My Path to Home Schooling by Teresa Robeson

The paths that different families take to homeschooling are varied and unique. Even within a single family, the decision to home school each child can be drastically dissimilar, as was the case with us.

Our older son was precocious. He knew the alphabet around the age of one and was reading by two.  

One time when Son1 was about three years old, while watching my husband garden, a strange worm wriggled out of the soil. My husband wondered aloud what it could be. Our son replied that it was a wire worm. Hubby naturally thought he was making it up and so, as adults do, nodded indulgently and said, “Oh, is that right?” After returning to the house, hubby looked it up in the “The Organic Gardener’s Handbook of Natural Insects and Disease Control” book and sure enough, that’s what it was.  

Son1 had been perusing the book and we assumed he was only looking at the pictures but he was actually reading the text.                              

By the time kindergarten rolled around, he was reading proficiently and counting up to 100, doing simple adding and subtracting. We figured that he would be incredibly bored with kindergarten and decided to keep him home for the year, putting him in grade one after that. We didn’t want to skip him up to grade one at that point since, in maturity, he was more like his kindergarten peers.

My younger son, on the other hand, was at the opposite end of the spectrum. He had language delay and exhibited symptoms on the autism spectrum (he has since been tested and is determined to be not autistic though he has a learning disability). He attended a public school speech preschool program and blossomed under their tutelage, but he had sensory integration issues that made him highly sensitive to noise and chaos. Since most kindergarten classes are the epitome of noise and chaos, we decided that the best option for him was to not send him to kindergarten, but to home school him until he outgrew his aversions and to take him to occupational and speech therapy on our own.

When each of them arrived at the stage where we thought they could happily integrate into the school system–around grade two for Son1 and fifth grade for Son2–we gave them the option every year of going to public school or continuing to home school. They always chose to continue with homeschooling.

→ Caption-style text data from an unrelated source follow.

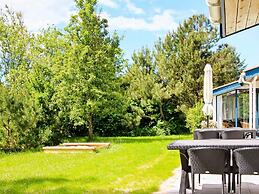 4 Star Holiday Home in Fjerritslev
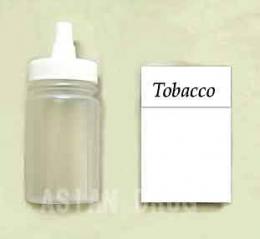 ローション用空ボトル【ハチミツ型】オレンジ(小)150g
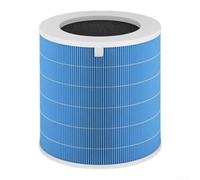 Filtro de repuesto para midea KJ400G E33 E31 KJ500G A11 FC50A1 True HEPA purificador de aire parte captura el polvo, caspa de mascotas, formaldehído, olores, diseño multicapa para oficina en casa (13)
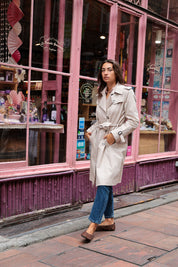 Trench Coat Charles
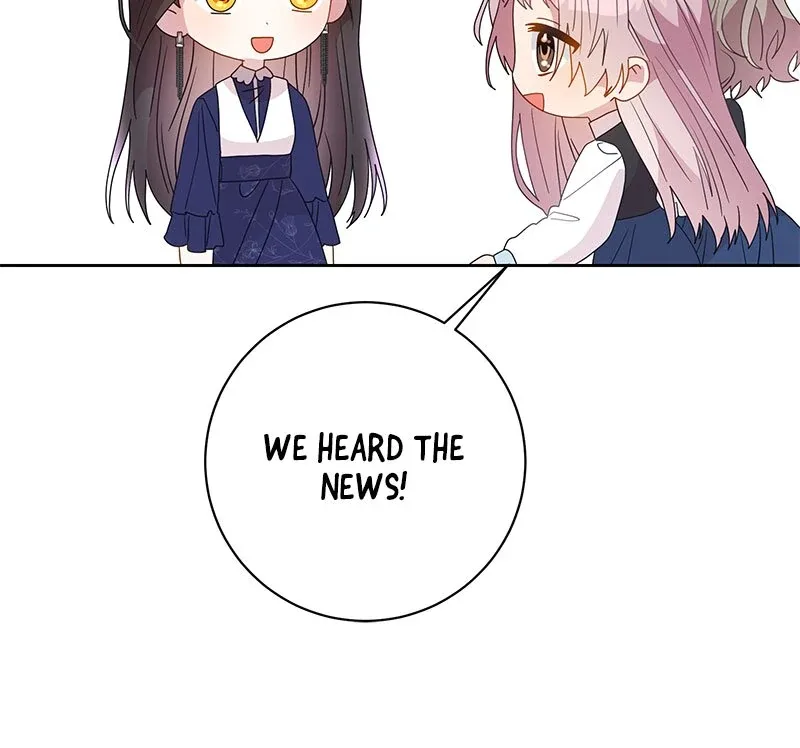The Two-Faced Prince in Training Chapter 26 page 25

Thanks to a wonderful, large, and diverse home school support group in our town, we were able to have the kids participate in group activities–everything from music to art to language lessons–in addition to doing lessons at home on our own. The support group, by holding parties and playgroups as well as the more academic offerings, also ensured that the kids interacted with other children in multi-age gatherings rather than just a narrow subset of their same age peers.

We’re nearing the end of homeschooling. A few years ago, Son1 won a National Merit Scholarship and entered university with nearly perfect SAT scores. He is currently in his junior year and plans to go to graduate school. Son2 is finishing up the twelfth grade and plans to take a gap year to assess his interests.

We have been pleased with our homeschooling journey. It’s not an educational path suited to everyone but it worked out for us and we’re happy we could provide it for our children, both with their own special needs. 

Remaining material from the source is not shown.